Actual vs. Expectations

3Q15 results came within expectation, bringing 9M15 core net profit to RM1.40b which make up 78% of both our inhouse and street’s full-year estimates.

The RM1.40b core earnings were adjusted for: (i) RM407.4m investment tax allowance posted in 2Q15, and (ii) RM167.5m unrealised forex loss on finance lease liability in 3Q15 or RM237.9m YTD.

Dividends

A 15.0 sen 3rd interim NDPS was declared in 3Q15, (exdate: 18 Nov; payment date: 14 Dec), bringing 9M15 NDPS to 43.0 sen vs. 40.0 sen paid in 9M14.

Key Results Highlights

3Q15 core earnings grew 5% QoQ to RM472.5m from RM451.8m on the back of 5% hike in revenue. This was driven by the earnings recovery in Utilities Segment which saw its operating profit being doubled to RM42.5m from RM21.5m as higher offtake by clients, boosted the segment’s revenue by 18% to RM256.8m from RM217.5m. While Gas Processing (GP) earnings normalised to RM172.7m from RM199.6m previously, Gas Transportation (GT) posted flattish earnings. Earnings from Regasification (RGT) improved RM6.3m or 9% QoQ. On other hand, associates and JV incomes improved significantly to RM23.5m from RM3.3m in 2Q15.
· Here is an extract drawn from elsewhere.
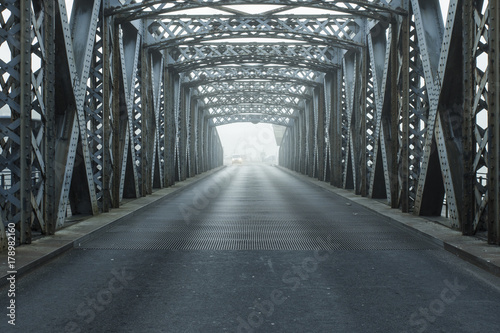 Metal construction of the city bridge on a foggy day in Dieppe, France. Empty asphalt road in the tunnel. Urban scene, city life, transport and traffic concept. Toned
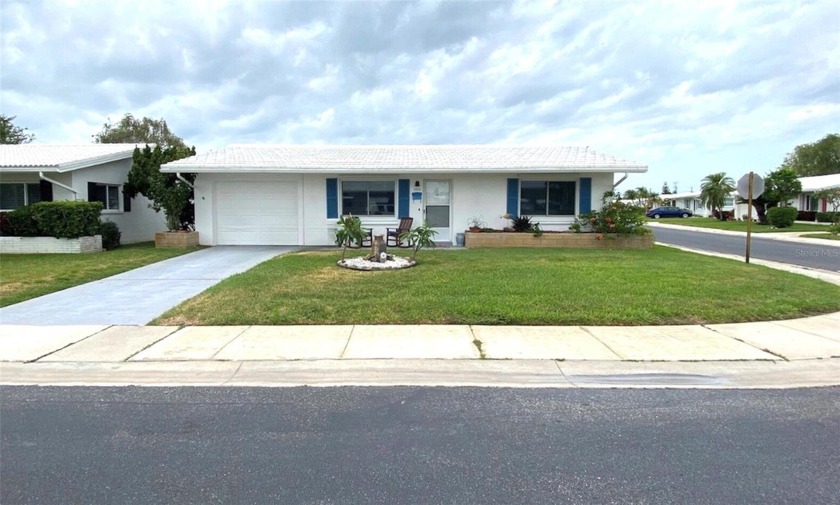 This 2 bedroom 1.5 bath home is located in the 55+ COMMUNITY of - Beach Home for sale in Pinellas Park, Florida on Beachhouse.com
YoY, 3Q15 core income rose 9% from RM435.1m while revenue inched up slightly by 1%. GT posted 2% hike in operating profit, despite flattish topline, led by lower operating cost while RGT’s earnings rose 6% on the back of 8% jump in revenue due to higher storage fees. However, both GP and Utilities which saw their operating profits falling 3% and 6%, respectively, due to higher plant maintenance costs. Meanwhile, associate and JV income soared 54% from RM15.2m previously.

YTD, 9M15 core earnings rose 9% to RM1.40b from RM1.29b while revenue inched up 1% to RM3.32b from RM3.28b. GP reported operating profit which grew 9% as revenue rose 3%, on lower operating costs, while GT’s earnings expanded 3% on the back of 3% hike in revenue as business volume increased. However, both Utilities and RGT reported lower earnings by 19% and 2%, respectively, as the former faced lower offtake while the latter incurred higher maintenance costs.

Outlook

With the Lahad Datu RGT already called off, the RAPID RGT in Pengerang is the only earnings catalysts for PETGAS, which will commence in 4Q17.

Unlike its two other sister companies, namely PCHEM (OP; TP: RM6.29) and PETDAG (MP; TP: RM22.15), PETGAS is least affected by the crude oil price movement and earnings are mainly determined by business volumes of gas processing and transportation while Utilities may be the only business segment likely to be affected by oil prices. Changes To

Forecasts

No changes in FY15-FY16 estimates for now.

Rating

Downgrade to UNDERPERFORM from MARKET PERFORM.

Valuation

Price target maintains at RM21.99/SoP share.

Share price has risen 11% from its recent low in end-Aug. It is now ahead of its valuation, which prompts us to downgrade the stock to UNDERPERFORM.

Risks

Delay in the commencement of Pengerang RGT.